WHEN SPEAKING UP ISN’T ENOUGH
Comcast sex harassment cases exemplify the limits of #Metoo
NEW YORK The #metoomovement is based on a basic premise: Speak up. For a lot of women, that’s gotten results. Many of the alleged perpetrators have been fired or exiled. Harvey Weinstein is facing criminal prosecution.
But as a trio of former Comcast workers are finding, speaking up has its limits. Two months ago, Rylinda Rhodes, Laterrica Perry and Jennifer Mchenry handdelivered a petition with thousands of signatures to Comcast’s Philadelphia headquarters, alleging widespread harassment and demanding reforms to corporate policies that they say don’t do enough to protect women.
The cable giant has yet to adopt the recommendations of the petition. Like any big company, Comcast already has a sexual harassment policy. “Any allegation of harassment is taken very seriously and investigated thoroughly,” Jenni Moyer, a company spokeswoman, told Bloomberg News.
As sexual harassment has become national news, stories commonly turn on allegations against one powerful bad actor. What allegedly happened at Comcast may be more representative. When market research firm GFK conducted a nationwide survey in January, almost 40 per cent of women said they’d been sexually harassed at work. They also reported that verbal harassment is most common.

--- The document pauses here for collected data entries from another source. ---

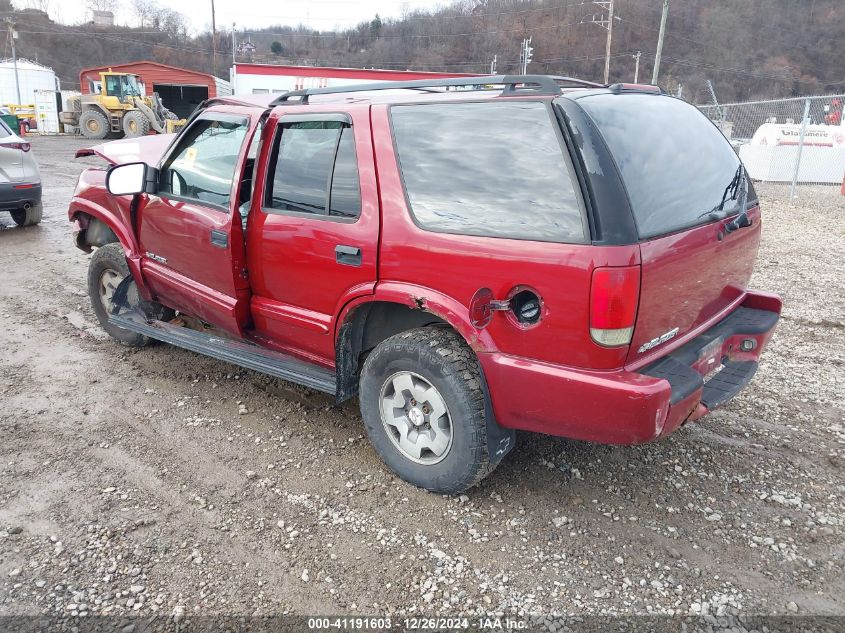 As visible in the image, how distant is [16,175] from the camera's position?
8797mm

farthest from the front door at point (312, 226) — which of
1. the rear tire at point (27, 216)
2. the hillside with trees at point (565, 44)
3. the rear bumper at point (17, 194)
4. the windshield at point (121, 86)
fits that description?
the hillside with trees at point (565, 44)

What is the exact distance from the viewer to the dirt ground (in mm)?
2559

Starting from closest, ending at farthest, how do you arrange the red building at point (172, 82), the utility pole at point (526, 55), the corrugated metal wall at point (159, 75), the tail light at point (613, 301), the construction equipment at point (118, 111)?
the tail light at point (613, 301) < the construction equipment at point (118, 111) < the red building at point (172, 82) < the corrugated metal wall at point (159, 75) < the utility pole at point (526, 55)

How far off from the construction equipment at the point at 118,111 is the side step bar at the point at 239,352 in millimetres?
25639

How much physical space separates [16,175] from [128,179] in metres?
6.10

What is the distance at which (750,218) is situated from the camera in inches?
129

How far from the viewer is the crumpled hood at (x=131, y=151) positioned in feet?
15.5

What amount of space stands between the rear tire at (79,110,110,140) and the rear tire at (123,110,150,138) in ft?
5.01

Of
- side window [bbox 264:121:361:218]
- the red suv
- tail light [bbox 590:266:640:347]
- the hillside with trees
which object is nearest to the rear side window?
the red suv

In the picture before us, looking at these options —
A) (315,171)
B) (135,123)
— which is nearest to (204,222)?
(315,171)

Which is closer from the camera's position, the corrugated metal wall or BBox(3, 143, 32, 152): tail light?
BBox(3, 143, 32, 152): tail light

In one of the alleged incidents at Comcast, the accused harasser was fired. But so were some of the accusers, who claim they experienced retaliation and corporate foot-dragging. Taken together, the events raise an important question about the# me too movement: can it be more than a firing squad?
While working at one of Comcast’s call centres, Rhodes said, she was subject to what she calls locker room behaviour: lewd comments, unwelcome advances, groping. She reported the worst offender to human resources, and the company investigated her claim.
“The employee adamantly denied the allegations,” Moyer said. “We took appropriate action at the time given his denial, and there haven’t been any complaints about him in the six years since that time.”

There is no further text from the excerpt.